◆ **Exercise**:
Print the line containing "this 295×200 image." and all lines after it, unchanged, through the end of the data. Leave the pictures out.

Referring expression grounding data
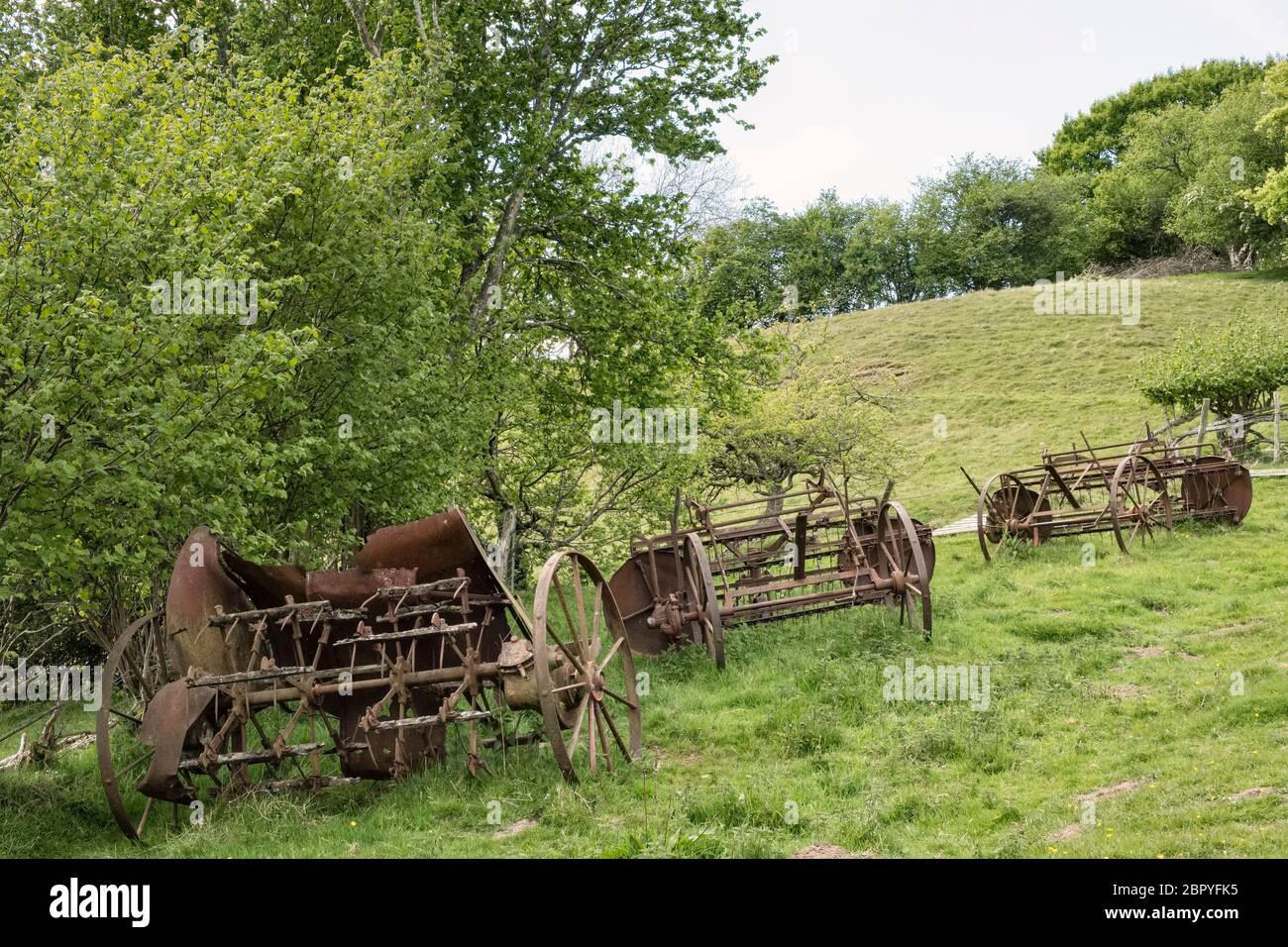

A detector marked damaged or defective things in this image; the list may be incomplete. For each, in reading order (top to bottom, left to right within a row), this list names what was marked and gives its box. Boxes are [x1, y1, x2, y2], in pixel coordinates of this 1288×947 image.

rusty farm machinery [602, 474, 937, 665]
rusted hay rake [605, 474, 937, 665]
rusty metal wheel rim [870, 499, 932, 641]
rusted hay rake [968, 438, 1246, 562]
rusty farm machinery [968, 438, 1246, 562]
rusty metal wheel rim [1113, 453, 1174, 556]
rusted hay rake [97, 510, 641, 845]
rusty farm machinery [97, 510, 641, 845]
rusty metal wheel rim [530, 549, 641, 783]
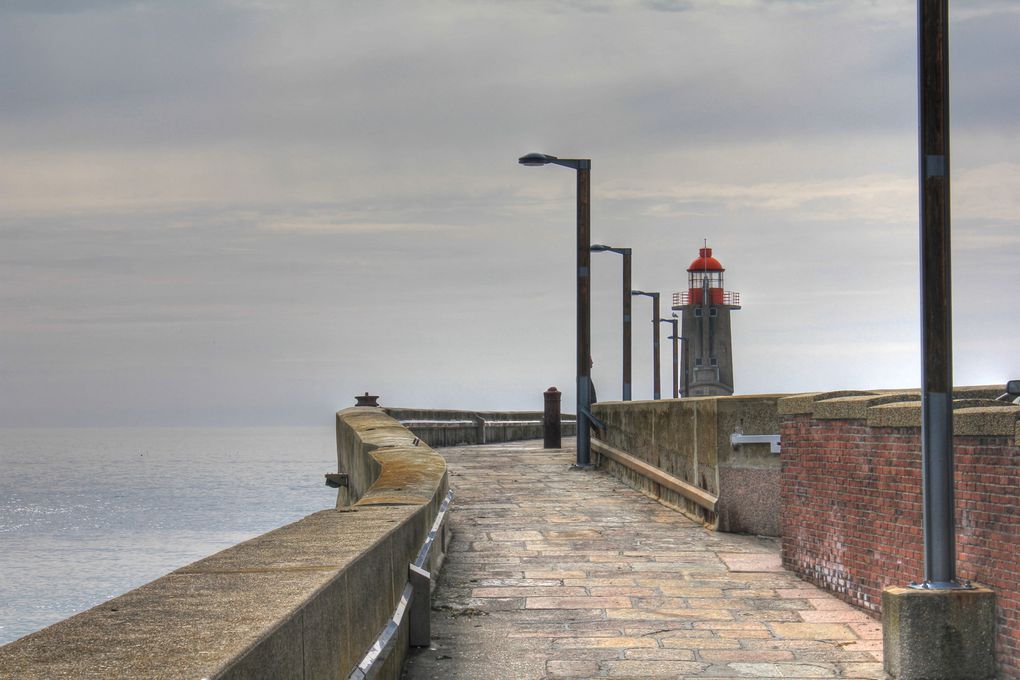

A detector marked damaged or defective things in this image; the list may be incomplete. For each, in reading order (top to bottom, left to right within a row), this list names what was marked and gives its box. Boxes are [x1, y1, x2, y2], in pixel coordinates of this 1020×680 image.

rusty metal pole [542, 385, 567, 448]
rusty metal pole [918, 0, 954, 587]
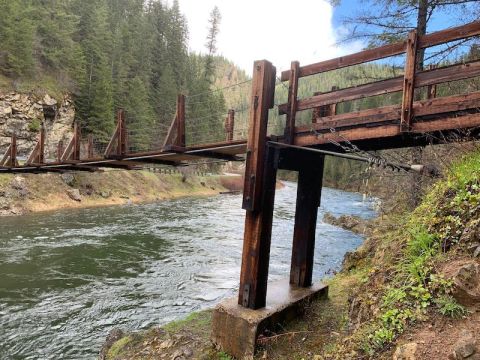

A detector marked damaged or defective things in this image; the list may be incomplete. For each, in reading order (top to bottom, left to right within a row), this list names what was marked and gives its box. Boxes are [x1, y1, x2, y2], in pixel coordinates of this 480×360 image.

rusted metal post [400, 29, 418, 131]
rusted metal post [238, 59, 276, 310]
rusted metal post [288, 155, 326, 286]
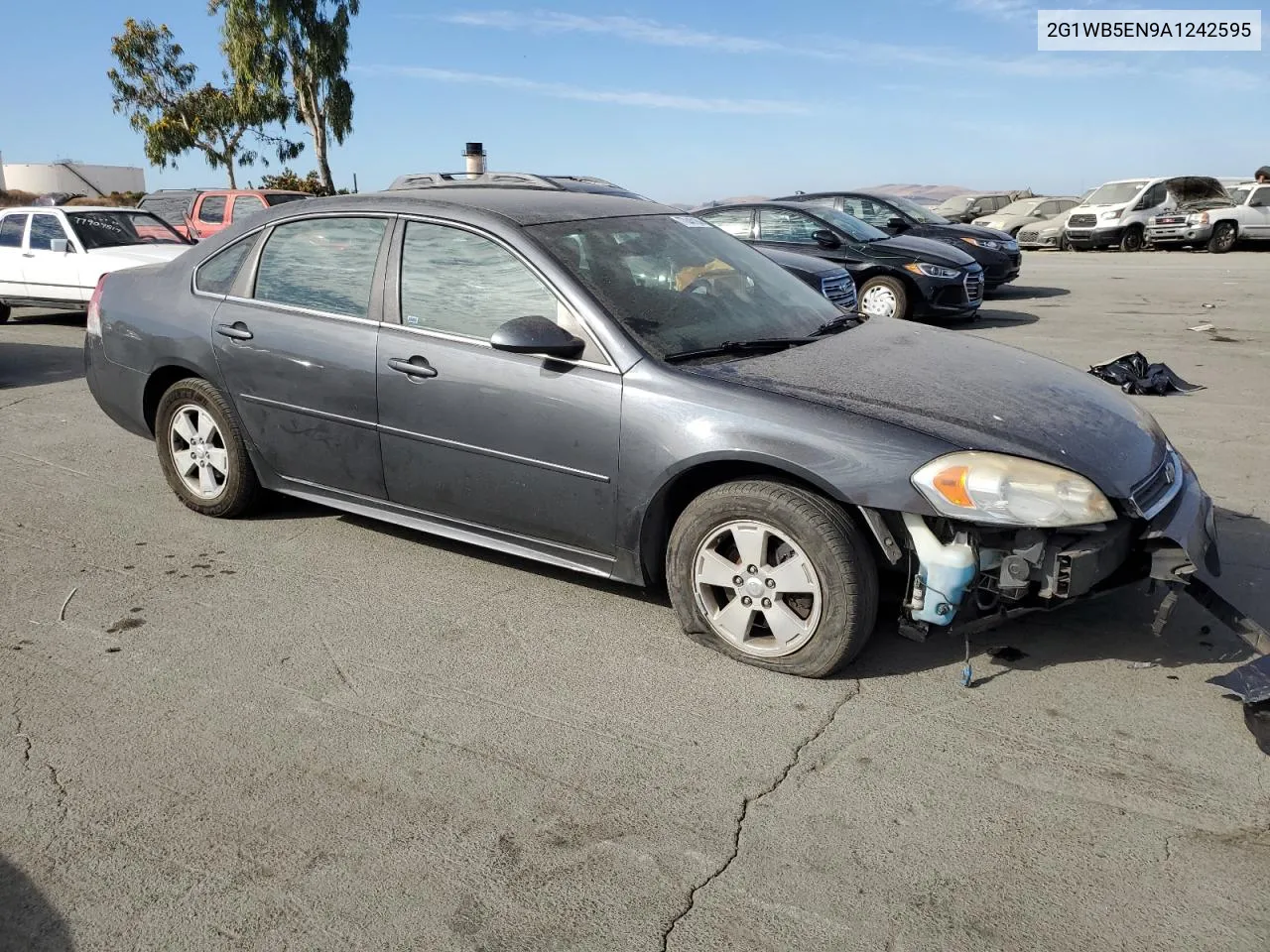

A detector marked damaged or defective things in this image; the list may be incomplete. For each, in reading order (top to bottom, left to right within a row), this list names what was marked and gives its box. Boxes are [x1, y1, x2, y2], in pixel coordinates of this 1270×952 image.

cracked pavement [2, 255, 1270, 952]
damaged front bumper [878, 454, 1270, 710]
torn bumper cover [889, 461, 1270, 710]
crack in asphalt [655, 680, 863, 949]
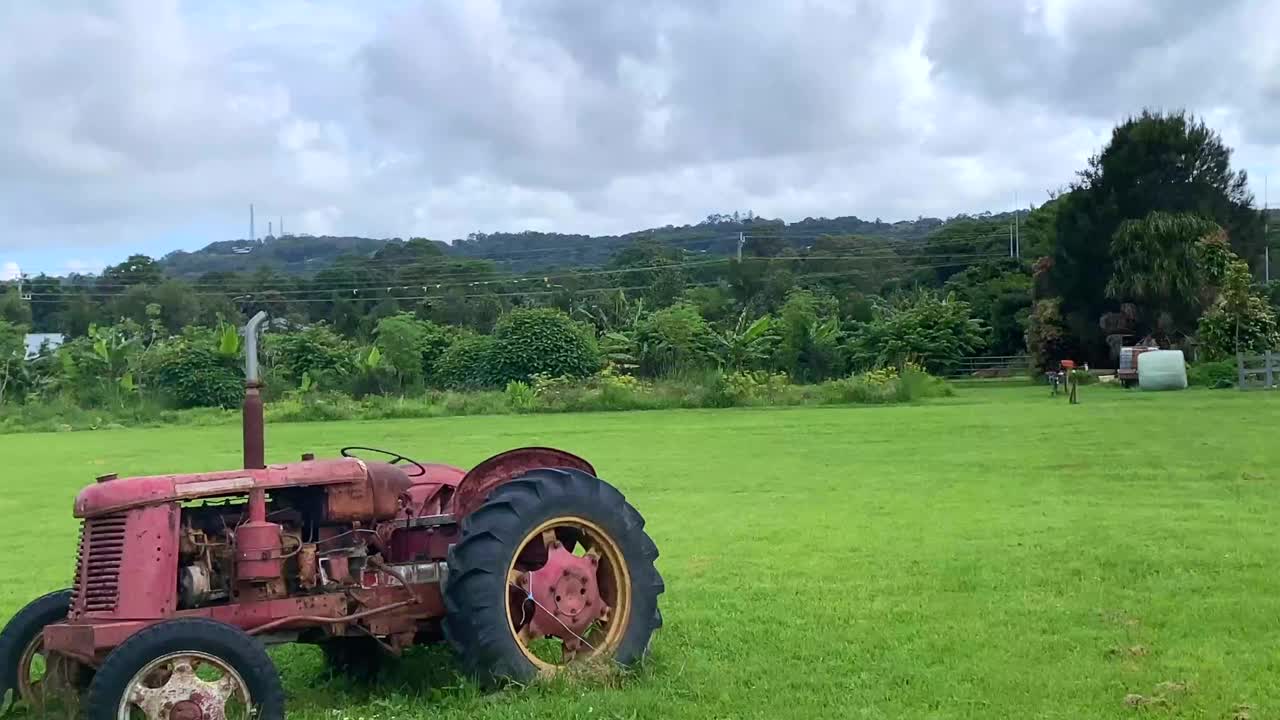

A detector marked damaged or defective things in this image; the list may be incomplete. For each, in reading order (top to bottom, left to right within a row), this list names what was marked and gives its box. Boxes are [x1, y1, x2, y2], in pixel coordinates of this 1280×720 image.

rusty metal surface [450, 445, 593, 517]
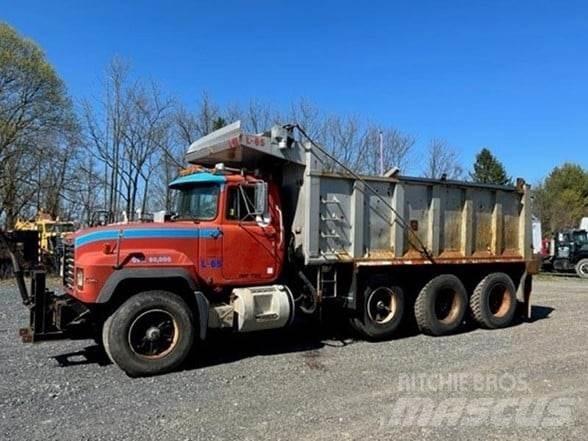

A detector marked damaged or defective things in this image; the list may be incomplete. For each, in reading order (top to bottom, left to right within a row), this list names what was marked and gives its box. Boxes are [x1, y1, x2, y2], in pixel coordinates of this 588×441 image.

rusty dump body [186, 122, 536, 270]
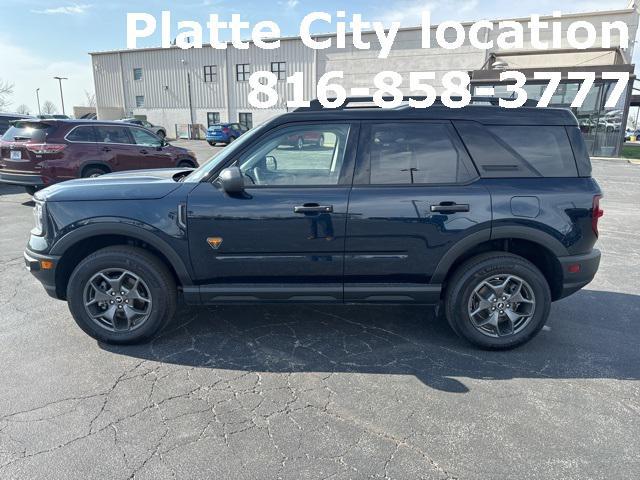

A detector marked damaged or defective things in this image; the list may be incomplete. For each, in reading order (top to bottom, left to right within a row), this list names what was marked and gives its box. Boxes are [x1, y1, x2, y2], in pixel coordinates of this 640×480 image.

cracked asphalt [1, 158, 640, 480]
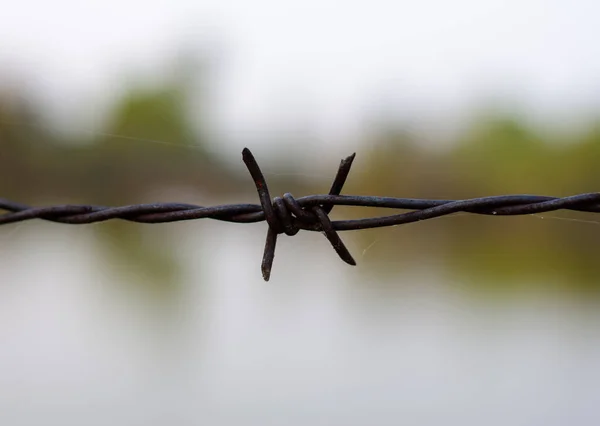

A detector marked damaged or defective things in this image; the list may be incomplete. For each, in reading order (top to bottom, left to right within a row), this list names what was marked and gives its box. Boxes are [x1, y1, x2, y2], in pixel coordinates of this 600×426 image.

rusty barbed wire [1, 148, 600, 282]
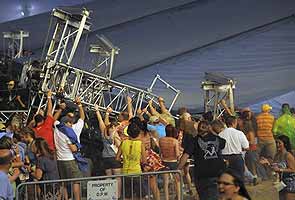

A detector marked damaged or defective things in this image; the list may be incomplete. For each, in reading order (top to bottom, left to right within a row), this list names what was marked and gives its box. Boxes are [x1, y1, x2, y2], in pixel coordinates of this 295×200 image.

bent metal frame [27, 7, 180, 119]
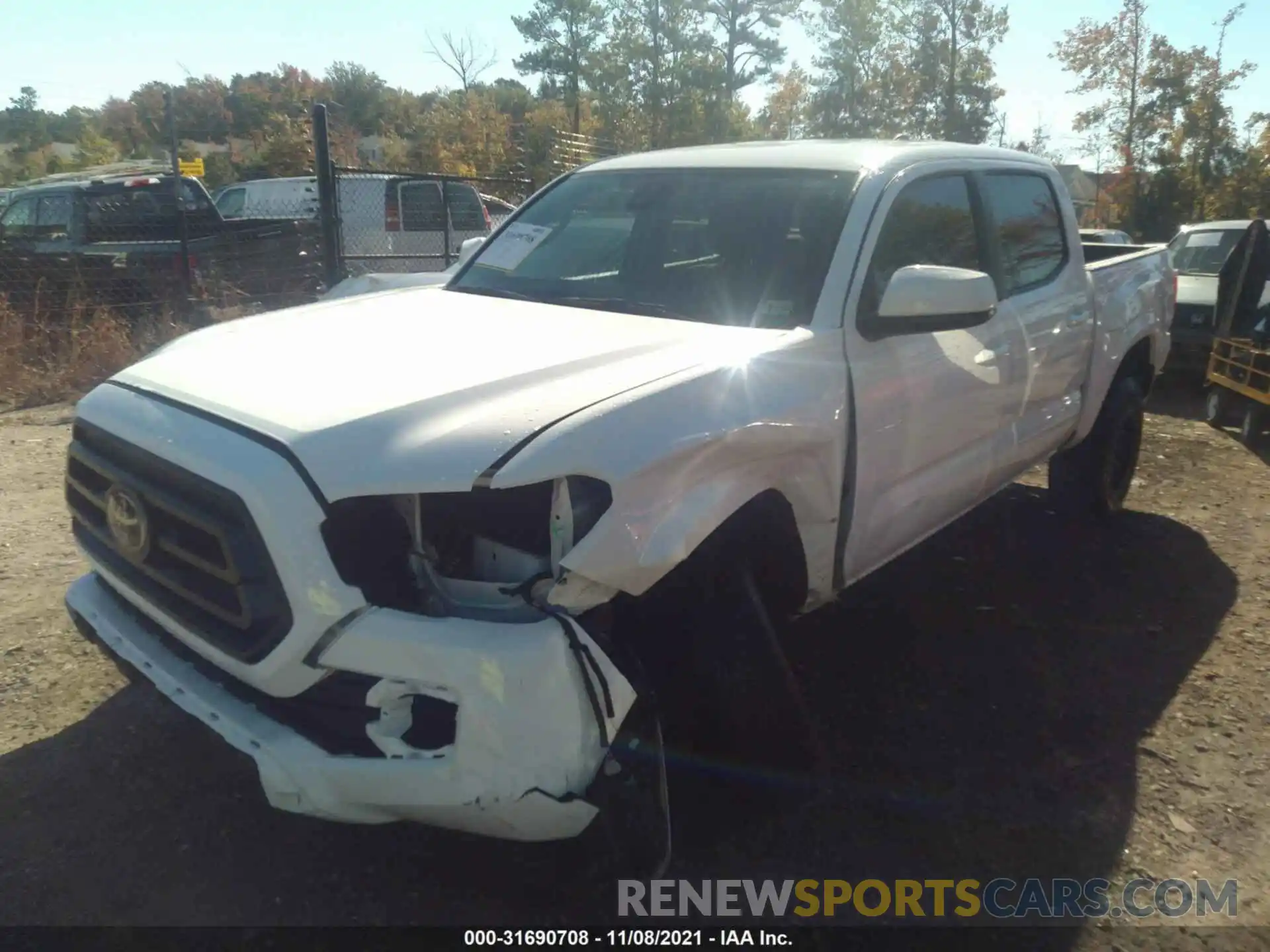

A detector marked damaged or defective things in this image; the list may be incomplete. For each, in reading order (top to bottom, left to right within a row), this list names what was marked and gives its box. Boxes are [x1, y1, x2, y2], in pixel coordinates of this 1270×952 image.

crushed hood [119, 289, 792, 500]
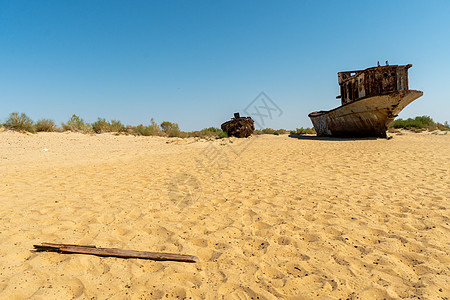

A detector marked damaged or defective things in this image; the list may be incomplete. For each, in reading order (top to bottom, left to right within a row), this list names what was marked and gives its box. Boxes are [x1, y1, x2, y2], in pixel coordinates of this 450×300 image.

small rusted boat wreck [221, 112, 255, 137]
small rusted boat wreck [308, 64, 424, 138]
rusty shipwreck [308, 64, 424, 138]
rusted metal hull [308, 89, 424, 138]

◆ **Solution for this problem**:
A detector marked damaged or defective things in this image; the list may be incomplete. For each, in reading order (top to bottom, left to right within a row), this list names what was marked and gives its box. Boxes are [x1, y1, x2, y2], in pixel coordinates of this 295×200 image.

bent metal frame [27, 7, 180, 119]

A detector marked damaged or defective things in this image; the list may be incomplete. For each, in reading order (top to bottom, left to right within a row), this list names what was marked and gives its box. Boxes are [x1, y1, x2, y2], in pixel coordinates of this 1270×952 image.

crushed hood [119, 289, 792, 500]

A detector marked damaged or defective things in this image; the list may be incomplete. For each, in reading order (top to bottom, left to right within a row), this list names what was marked and gives its box. Boxes are [x1, y1, x2, y2], in pixel coordinates of this 450×300 image.

small rusted boat wreck [221, 112, 255, 137]
small rusted boat wreck [308, 64, 424, 138]
rusty shipwreck [308, 64, 424, 138]
rusted metal hull [308, 89, 424, 138]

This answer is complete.